Bill Ballard yardbird@vermontel.net
Mon, 16 Jun 2003 23:20:02 -0400


In a message dated 16/06/03 9:43:40 PM, hoffsoco@martin.luther.edu writes:
>the "no pain:no gain" philosophy of playing on a >70gm keyboard, 
>IMMHO, is like beating your head
>against a wall because it feels so good when you stop.

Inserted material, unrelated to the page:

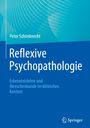 Peter Schönknecht: Reflexive Psychopathologie, Buch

I took care of a pianist once, a student of Serkin's, who constantly 
broke strings on his Steinway A II, in a small room in his farmhouse. 
I told him if he raised the lid full stick, he would not break 
strings because he wouldn't have to drive the piano as hard. But, he 
insisted, if he raised the lid he would drown himself out. The 
impetuousness of the artist.

The health issues here are quite similar to those in tuning. The 
question is which is more stressful to tune, a high-torque pinblock 
(150"/# and up) or a medium one (75-100"/#).  Regardless of what 
conditional we're in athletic or potato, or how at ease we are with a 
tuning hammer, when you put us on a tight block, it requires more 
muscle and if you've got that, more energy. It's an extra physical 
challenge no matter what physical shape you're in. I know my stress 
level is much lower with a 100"/# block than a 175"/# block. And I'm 
not convinced that a solid tuning necessarily requires such a tuning 
pin grip.

The same could be said of an action with a stiff dose of inertia. I 
imagine that someone well-grounded in the natural way to play would 
feel any more comfortable with a high inertia action, than a 
compulsive-obsessive piano performance major. I see nothing wrong 
with lightening people's actions.

Who knows, maybe a light filing of the hammers would give the sound 
the teeth they're trying to get the piano to show. The interesting 
part of this thread is that it started off with the a Steinway 
vertical, got transferred into a grand, and from there generalized 
and abstracted, with an interesting tangent of RSI. Does kind of hint 
at the group of us for whom pianos seem mainly to be grands, doesn't 
it. <g>

Bill Ballard RPT
NH Chapter, P.T.G.

"Lady, this piano is what it is, I am what I am, and you are what you are"
     ...........From a recurring nightmare.